◆ Action item ◆
Using the entries that follow, establish how many lines contain the word "bars" and give only that figure.

[Source records]
[Start of section]

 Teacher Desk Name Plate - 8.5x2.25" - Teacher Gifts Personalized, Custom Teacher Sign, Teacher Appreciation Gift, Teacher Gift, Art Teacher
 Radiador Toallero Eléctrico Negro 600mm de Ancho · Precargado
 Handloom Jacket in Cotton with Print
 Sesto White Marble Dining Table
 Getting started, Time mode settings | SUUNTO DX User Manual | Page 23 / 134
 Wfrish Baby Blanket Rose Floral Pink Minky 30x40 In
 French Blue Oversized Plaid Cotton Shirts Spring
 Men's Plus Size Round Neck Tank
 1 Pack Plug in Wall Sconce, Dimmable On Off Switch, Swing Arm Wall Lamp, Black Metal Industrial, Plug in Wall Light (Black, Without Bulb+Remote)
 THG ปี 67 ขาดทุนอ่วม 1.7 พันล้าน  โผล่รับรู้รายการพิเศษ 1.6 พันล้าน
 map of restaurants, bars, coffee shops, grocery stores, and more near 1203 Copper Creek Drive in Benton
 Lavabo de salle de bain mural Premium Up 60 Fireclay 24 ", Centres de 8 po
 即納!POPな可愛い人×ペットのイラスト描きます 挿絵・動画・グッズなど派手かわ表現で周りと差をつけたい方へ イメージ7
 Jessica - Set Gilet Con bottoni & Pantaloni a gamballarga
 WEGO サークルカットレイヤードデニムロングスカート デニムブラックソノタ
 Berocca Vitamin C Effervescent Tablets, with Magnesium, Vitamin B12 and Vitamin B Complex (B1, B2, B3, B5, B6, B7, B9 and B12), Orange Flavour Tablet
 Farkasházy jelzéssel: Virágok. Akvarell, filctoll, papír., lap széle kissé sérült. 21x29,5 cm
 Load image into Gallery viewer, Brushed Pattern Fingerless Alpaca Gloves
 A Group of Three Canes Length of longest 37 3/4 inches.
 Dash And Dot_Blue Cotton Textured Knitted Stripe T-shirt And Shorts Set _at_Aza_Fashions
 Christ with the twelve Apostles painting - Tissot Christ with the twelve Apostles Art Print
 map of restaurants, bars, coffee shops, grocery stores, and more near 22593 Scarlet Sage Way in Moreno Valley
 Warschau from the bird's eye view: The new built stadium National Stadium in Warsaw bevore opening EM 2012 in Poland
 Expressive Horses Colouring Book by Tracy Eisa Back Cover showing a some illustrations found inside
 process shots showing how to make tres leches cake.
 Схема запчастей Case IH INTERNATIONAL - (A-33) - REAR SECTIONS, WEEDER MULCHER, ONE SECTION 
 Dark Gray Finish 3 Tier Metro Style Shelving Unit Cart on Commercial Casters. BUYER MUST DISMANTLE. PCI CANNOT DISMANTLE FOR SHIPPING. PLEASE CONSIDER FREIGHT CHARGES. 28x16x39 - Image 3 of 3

[End of section]

◆ Task output ◆
2